What to work on -
Copy exactly. Include the line containing "DL3 Mobilak Liquid", every line after it, and the last line below, but no pictures.

[Information supplied Boundary: Start]

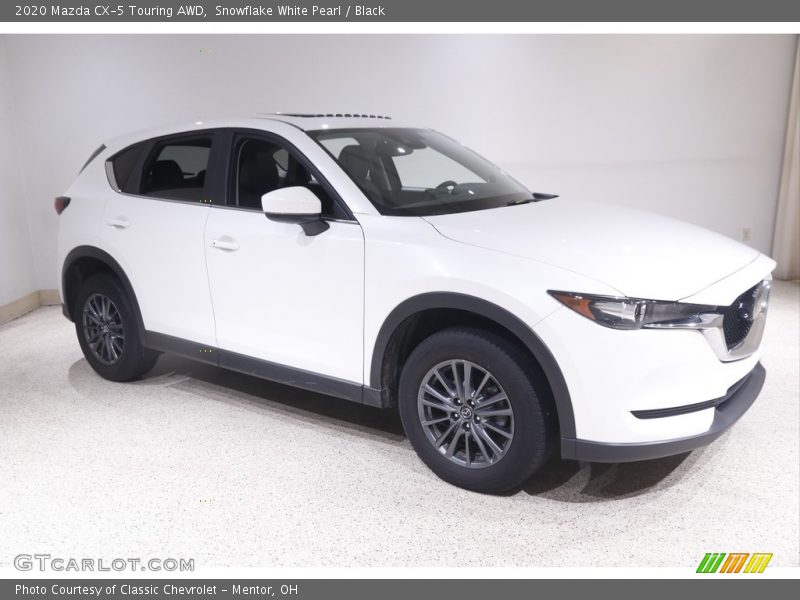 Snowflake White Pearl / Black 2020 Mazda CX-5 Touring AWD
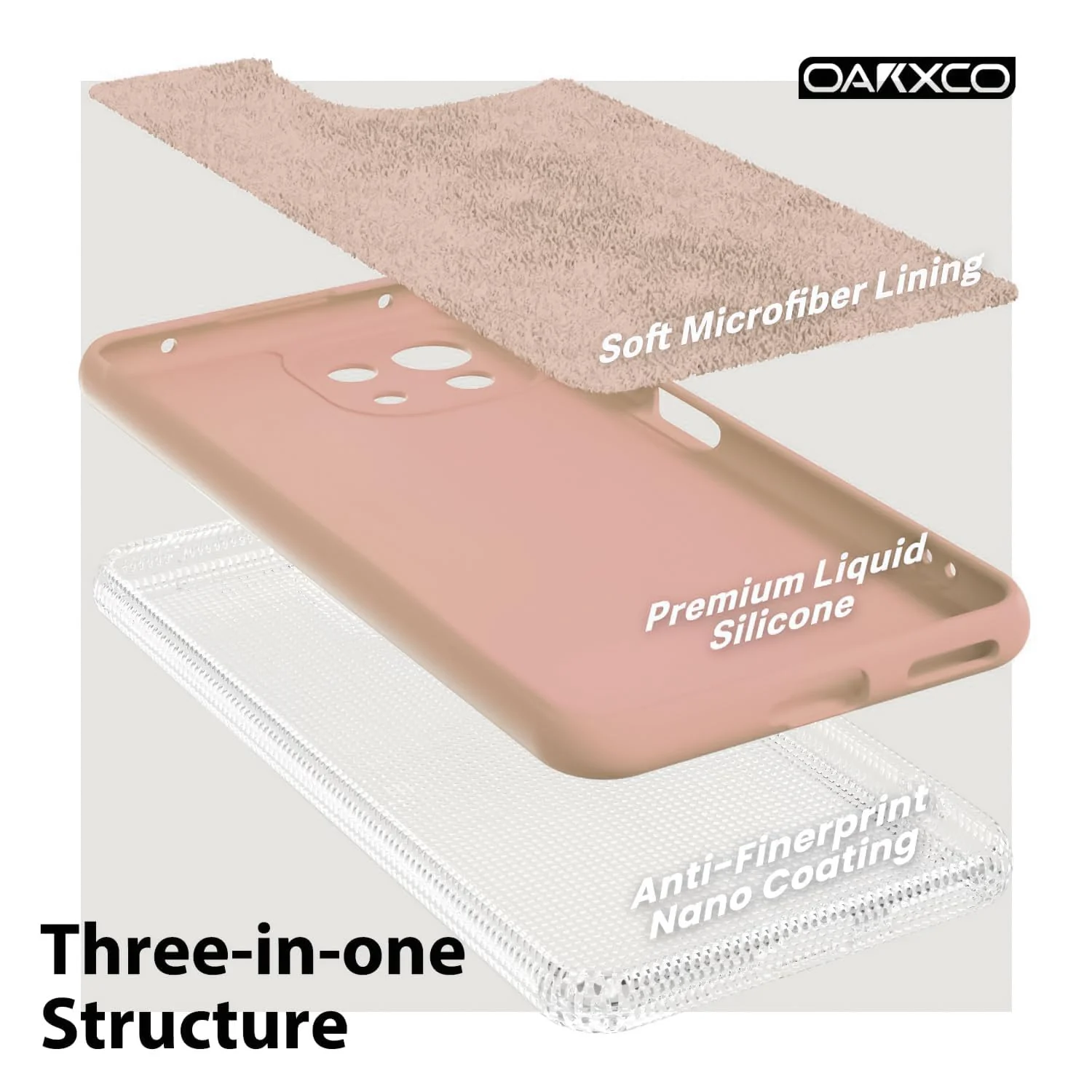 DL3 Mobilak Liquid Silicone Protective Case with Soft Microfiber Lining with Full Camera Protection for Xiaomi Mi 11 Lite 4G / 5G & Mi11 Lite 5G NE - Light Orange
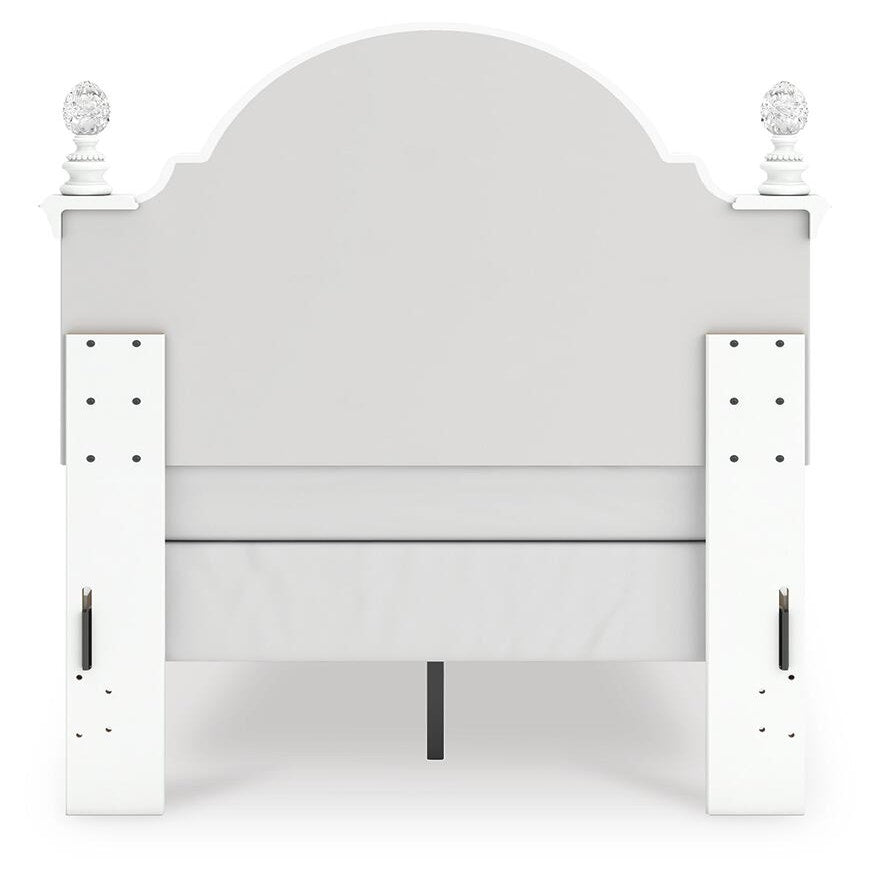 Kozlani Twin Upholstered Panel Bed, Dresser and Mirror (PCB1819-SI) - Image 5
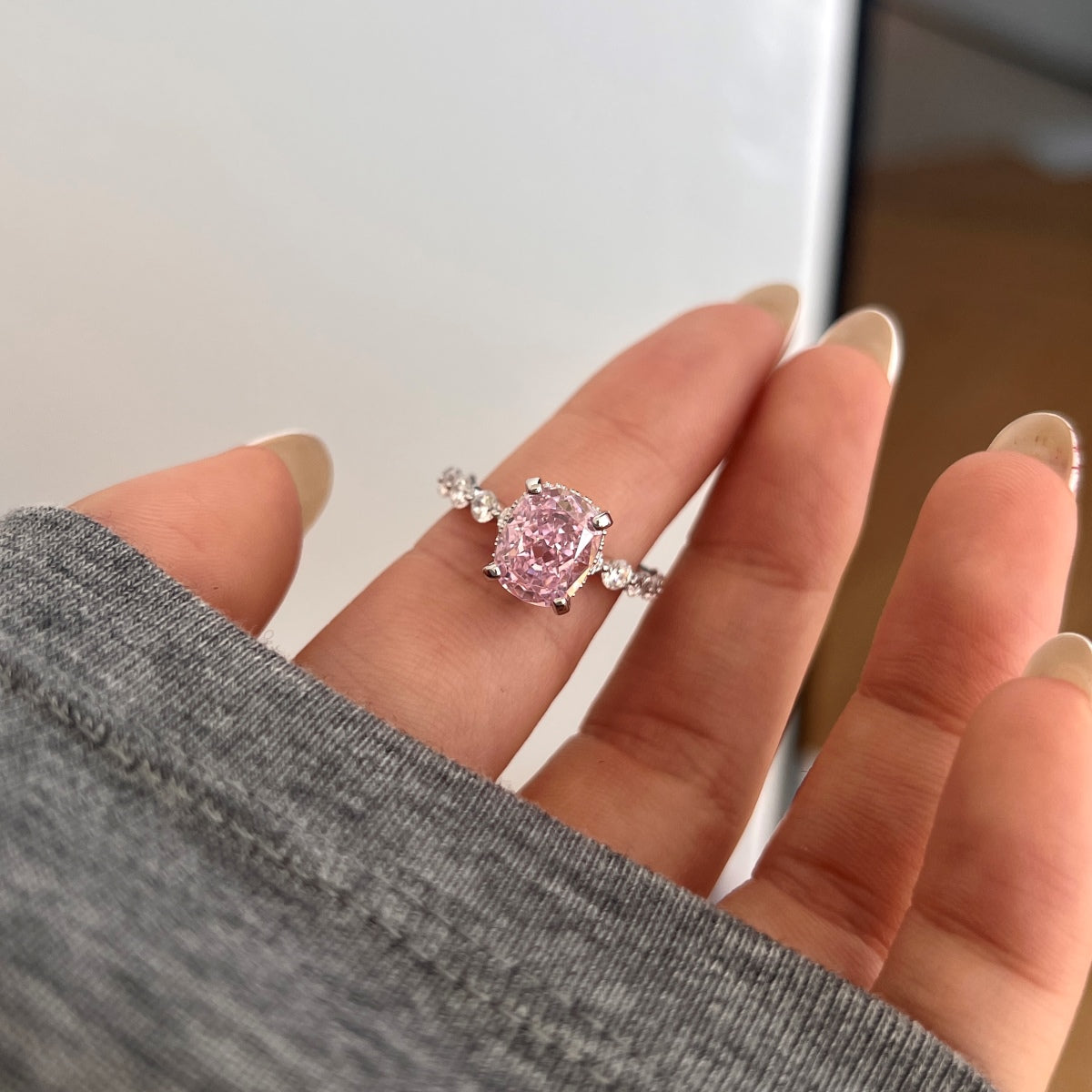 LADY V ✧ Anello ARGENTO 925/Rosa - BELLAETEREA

[Information supplied Boundary: End]

Task solution -
 DL3 Mobilak Liquid Silicone Protective Case with Soft Microfiber Lining with Full Camera Protection for Xiaomi Mi 11 Lite 4G / 5G & Mi11 Lite 5G NE - Light Orange
 Kozlani Twin Upholstered Panel Bed, Dresser and Mirror (PCB1819-SI) - Image 5
 LADY V ✧ Anello ARGENTO 925/Rosa - BELLAETEREA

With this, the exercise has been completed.